From those, the balance sheet articulates: the outstanding loan sits under creditors (usually due after more than one year), cash sits under current assets, and net assets equal the company's cash less the loan still owed. If the loan is larger than the cash — which is common — the company shows net liabilities, and that is fine for a micro-entity.

How to file it with DormantFile

  1. Add your company and confirm it isn't trading.
  2. At the accounts step, choose micro-entity accounts rather than dormant.
  3. Enter the loan figures and cash above. We derive the balance sheet and check it balances before you go any further.
  4. Preview the exact iXBRL document that will be filed.
  5. Submit. The accounts go directly to Companies House via the official software filing API; the nil CT600 goes to HMRC.

See how it works for the full walkthrough, or pricing — it's the same £19/year whether you file dormant or micro-entity accounts.

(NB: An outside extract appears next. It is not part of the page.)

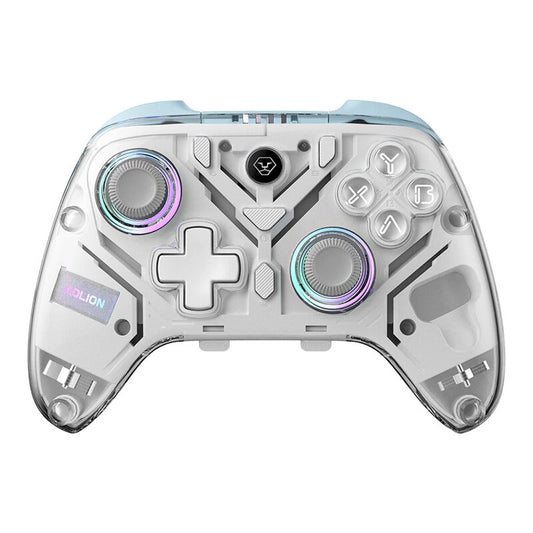 Aolion K10 RGB wireless controller side angle with dock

When you do need an accountant

The line to watch is income. A loan repayment creates no taxable profit, so a nil CT600 is accurate. But if the company also receives interest, dividends, or rent, there is income to report and tax to consider — and a CT600 that is genuinely nil would be wrong. In that case, speak to an accountant. The same goes if the company holds other assets or has a more complicated history.

Key points

  • Repaying a Bounce Back Loan from the company's own bank account is a significant accounting transaction, so the company is non-trading but not dormant.
  • You can't file dormant accounts (AA02) for that period — you file FRS 105 micro-entity accounts instead.
  • The CT600 is still nil: repaying a loan produces no profit.
  • You don't need a full accountant for this — DormantFile files micro-entity accounts and a nil CT600 from a few figures.
  • If the company has income or gains, that's different — there's tax to consider, and an accountant should look at it.